Tim Hortons plans to renovate most of its Canadian restaurants over the next several years in what some franchisees say is another “ill-conceived” move that will cost individual restaurant owners about $450,000.
The coffee-and-doughnut chain and its restaurant owners will invest $700-million to gussy up almost all its Canadian locations over the next four years, the brand said.
The new restaurants will have lighter, more natural looking exteriors, and feature upgraded, open-concept seating, the Restaurant Brands International-owned chain said in a statement.
“The expectations of our guests are evolving,” said Alex Macedo, the brand’s president, in a statement explaining the design change.
The decision has generated more animosity between the chain and an unsanctioned franchisee group, the Great White North Franchisee Association.
Earlier this month, the company held a call with franchisees explaining they wanted each restaurant owner to spend about $450,000 to renovate their stores, the GWNFA’s board of directors said in a letter to its members.
The company said Tuesday that costs will be split with restaurant owners on the same proportions as has historically been the case, but declined to specify what those proportions are.
The board acknowledged many of its members “will have problems getting the finances in place to carry out these renovations” and called on the company to show a full costing of the renovation program.

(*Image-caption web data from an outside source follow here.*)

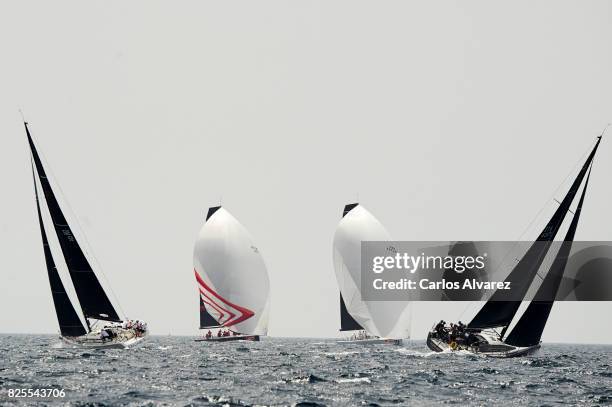 Sailing boats compete during a leg of the 36th Copa del Rey Mapfre Sailing Cup on August 1, 2017 in Palma de Mallorca, Spain.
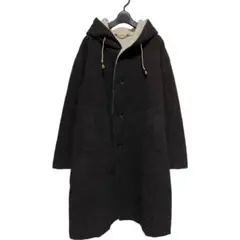 美品/45R/ロングフーデットコート/4/BROWN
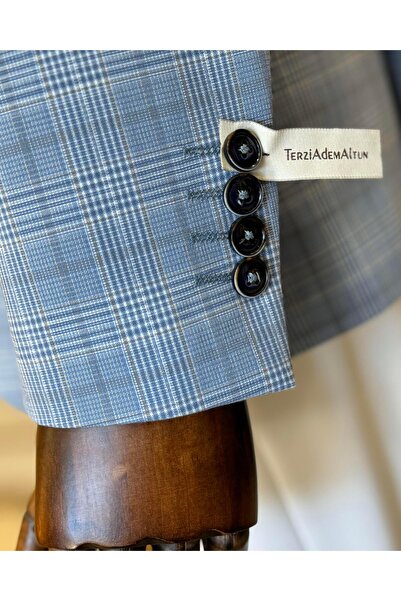 TerziAdemAltun Jachetă pentru bărbați cu model în carouri - guler mono, albastru T11529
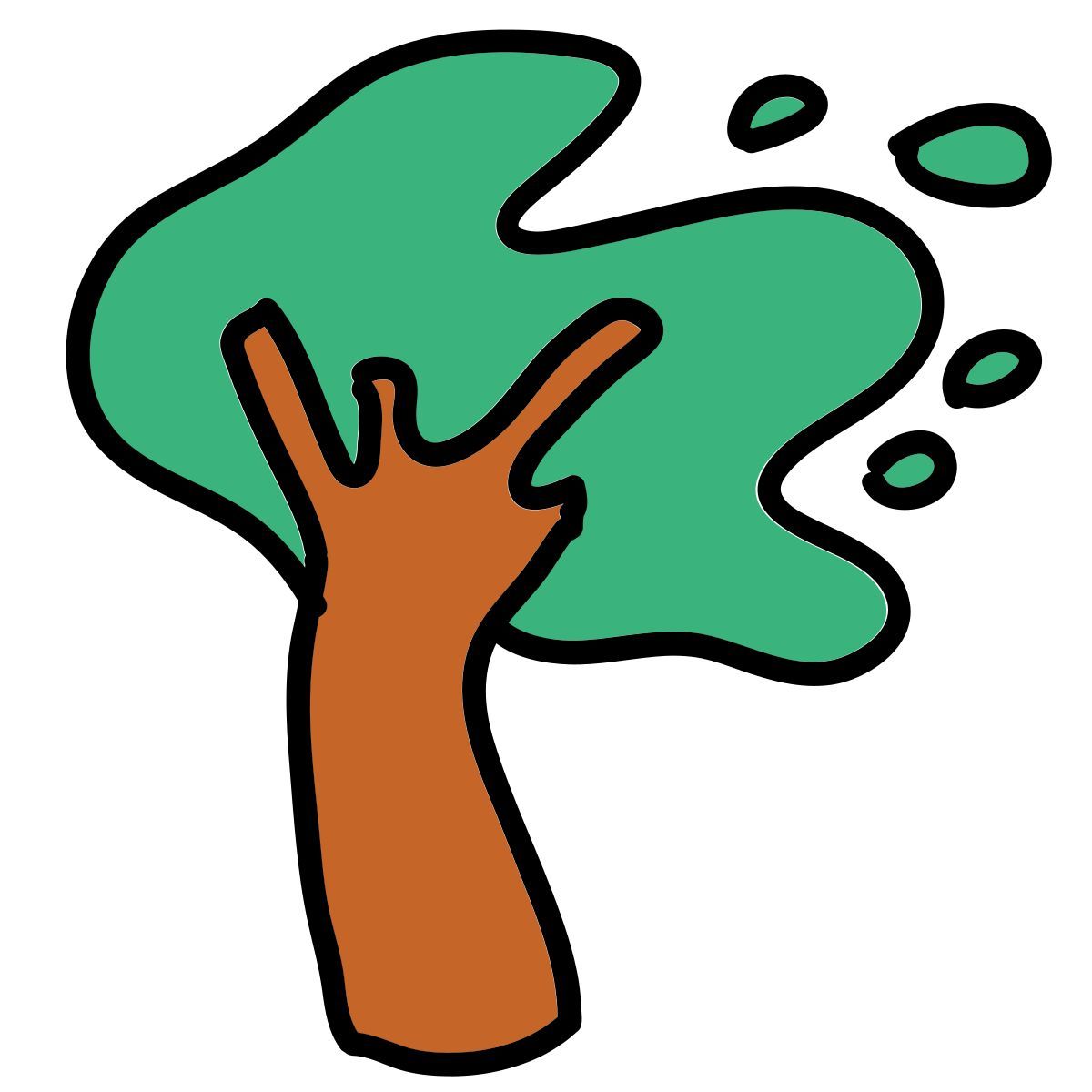 doodle style deciduous tree icon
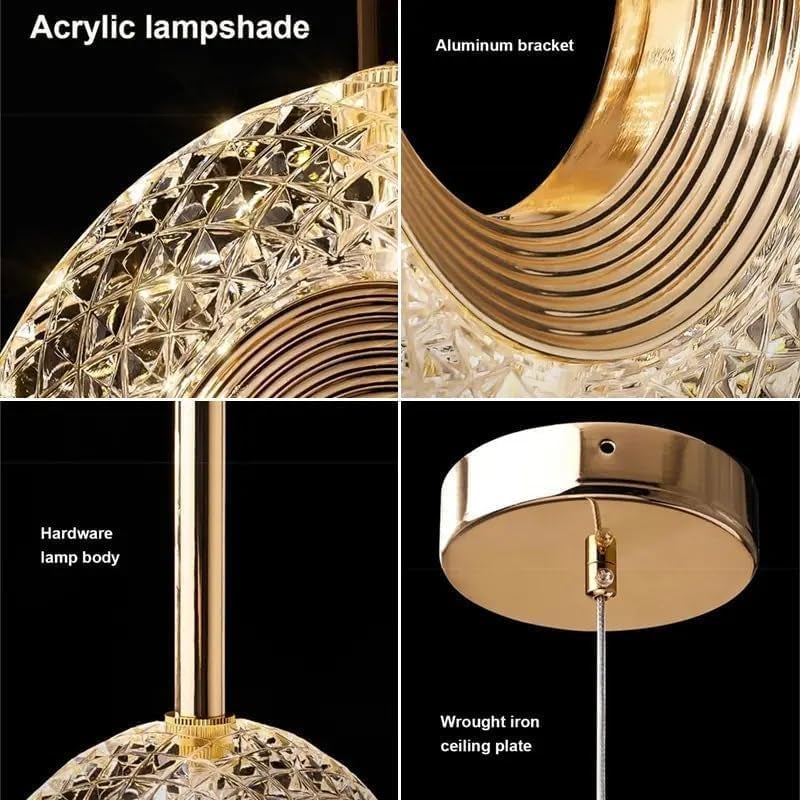 blissbells Oval Shape Modern Style Led Glossy Crystal Gold Creative Led Pendant Lamp/Hanging Lamp/Ceiling Light Pack of 1 Warm White - Image 3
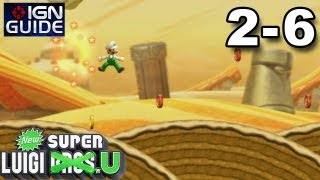 New Super Luigi U 3 Star Coin Walkthrough  LayerCake Desert6 Spinning Sandstones [upl. by Krissie]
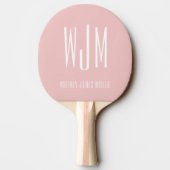 Blush pink minimalist monogram tafeltennisbatje (Achterkant)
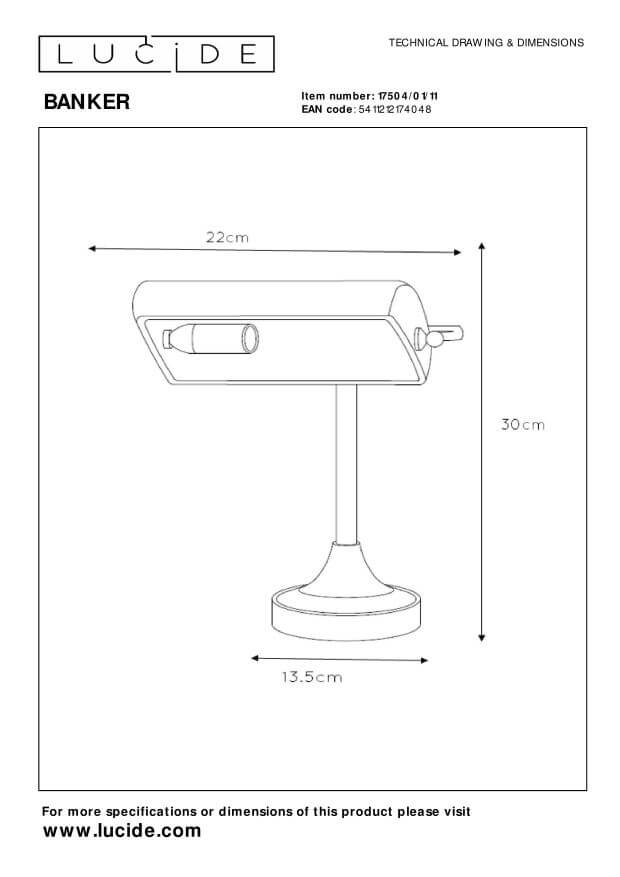 Lampe de bureau Banker chromée et blanche, verre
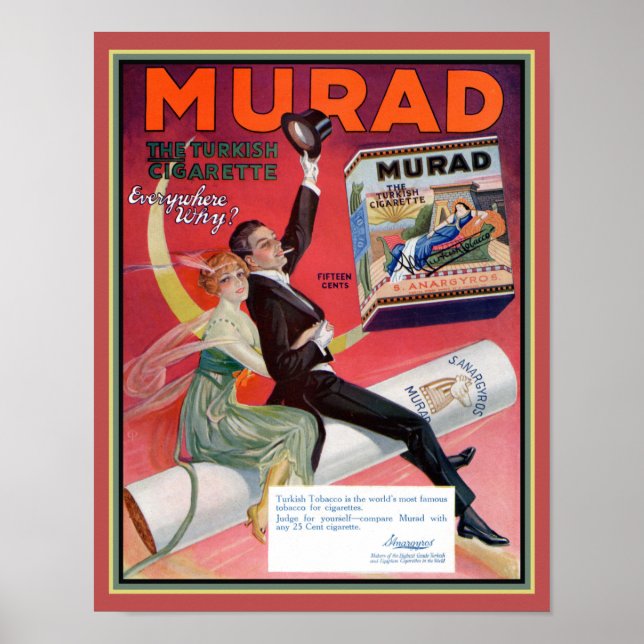 Poster Anúncio turco de cigarros de 1920 Murad (Frente)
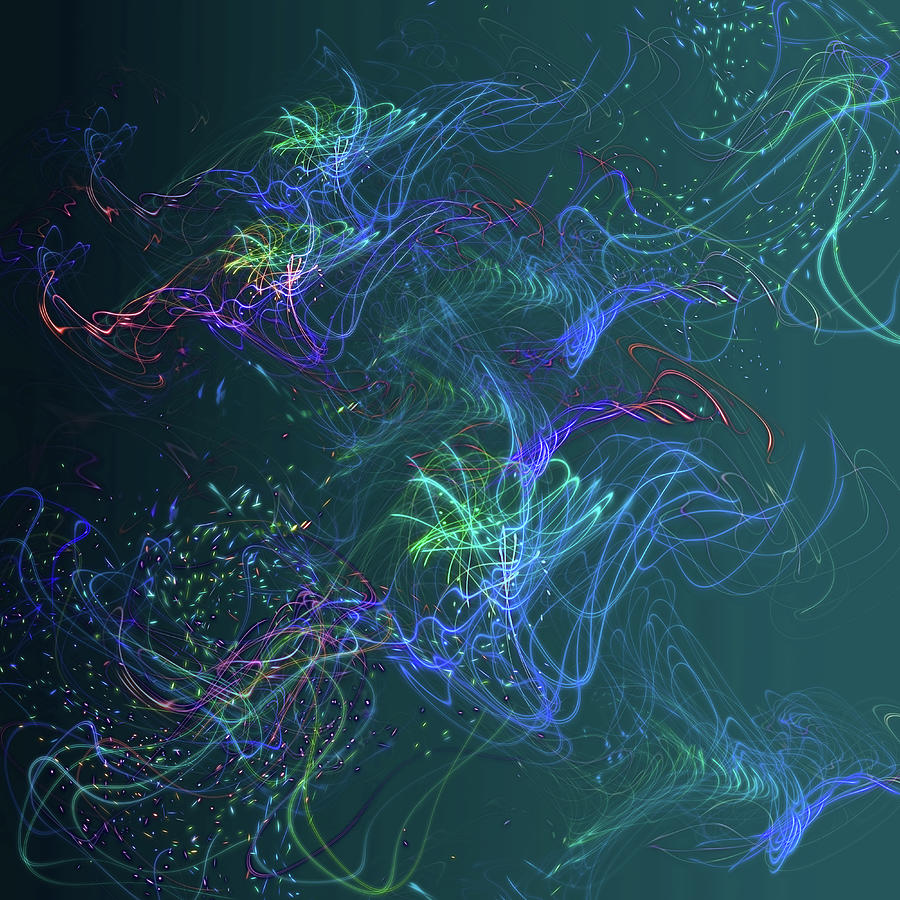 Galaxies. Ultramarine Lights on Dark Blue-Green Digital Art by Jenny Rainbow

It advised members, which make up about half of all of Tim Hortons Canadian franchisees, not to sign or agree to anything until more details are disclosed.
“This is just one more in the string of ill-conceived programs brought forward by a group of executives who do not understand foodservice, franchise operations or marketing,” the letter reads.
Restaurant Brands International, “wants to fix a problem it cannot solve, mainly lack of sales, by getting us to spend money while they contribute very little,” the letter said.
Tim Hortons recorded a fifth consecutive quarter of sluggish sales in mid-February, according to RBI’s most recent quarterly earnings report.
The GWNFA formed about a year ago to give a voice to frustrated restaurant owners and fight against what they say is mismanagement of the chain by its corporate parent, RBI, known for drastic cost-cutting measures at the fast-food outlets its acquires.
The two groups have taken their battle to the courts with multiple lawsuits, and most recently entered a showdown over how to handle Ontario’s roughly 20 per cent minimum wage increase. The GWNFA accuses RBI of failing to help franchisees offset the increased labour costs through a 10 per cent price hike on all menu items.
RBI did not agree to the price hikes, but called the actions of some franchisees in the province who clawed back employee benefits, like paid breaks, reckless and completely unacceptable.